The jury in the Who Wants To Be A Millionaire? lawsuit returned a verdict for UK-based Celador today finding that the show’s producer was harmed by Disney’s self-dealing actions. The panel awarded damages totalling $269.2 million for the fair market value of broadcast licensing fees, and revenue from Millionaire merchandise. That just shy of the $405M which Celador was seeking. Immediately, the Walt Disney Company issued this statement: “We believe this verdict is fundamentally wrong and will aggressively seek to have it reversed.” The month-long Riverside trial followed six years of legal maneuvering over profits from the hit game show in a rare look into TV network and studio accounting practices.
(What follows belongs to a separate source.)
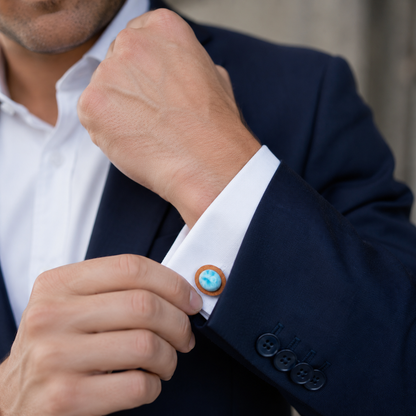 Natural Dominican Larimar & Wood Cufflinks Handmade Men's Wedding Gift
Celador convinced the jury that the producer earned millions of dollars less than it could have from the success of the show because Disney-owned ABC and co-producer Buena Vista TV brokered sweetheart deals with themselves.
Editor-in-Chief Nikki Finke - tip her here.


Wow. What happened to those anti-trust laws, anyway?
Once again, you guys are ahead of the curve. Maybe this will help pick up some momentum in Washington.
YESSSS!!!!
I could not experience schadenfreude any more immensely than right now. Having lost money a number of times due to sweetheart deals that Disney did between their own channels, not to mention a couple of times they just refused to pay for work on shows that were canceled, this gives me great joy. Hopefully there will be more Corporate Karmic payback for the House of Mouse in the future!
I’m not sure a $130M shortfall on a $400M lawsuit qualifies as “just shy.”
Interesting use of “just shy” — $135 million.
Their basis of appeal? Simple. They just need to claim it was not a jury of their peers! Judge, hello…. these were people sitting there. People! I mean, come on, really? People? Who were to dumb to get their personal assistant out of jury duty? Even Lindsay Lohan would have done better than that! And we are supposed to be judged by them? Joes and Janes? Are you joking? The law very clearly states that it needs to be a jury of our peers.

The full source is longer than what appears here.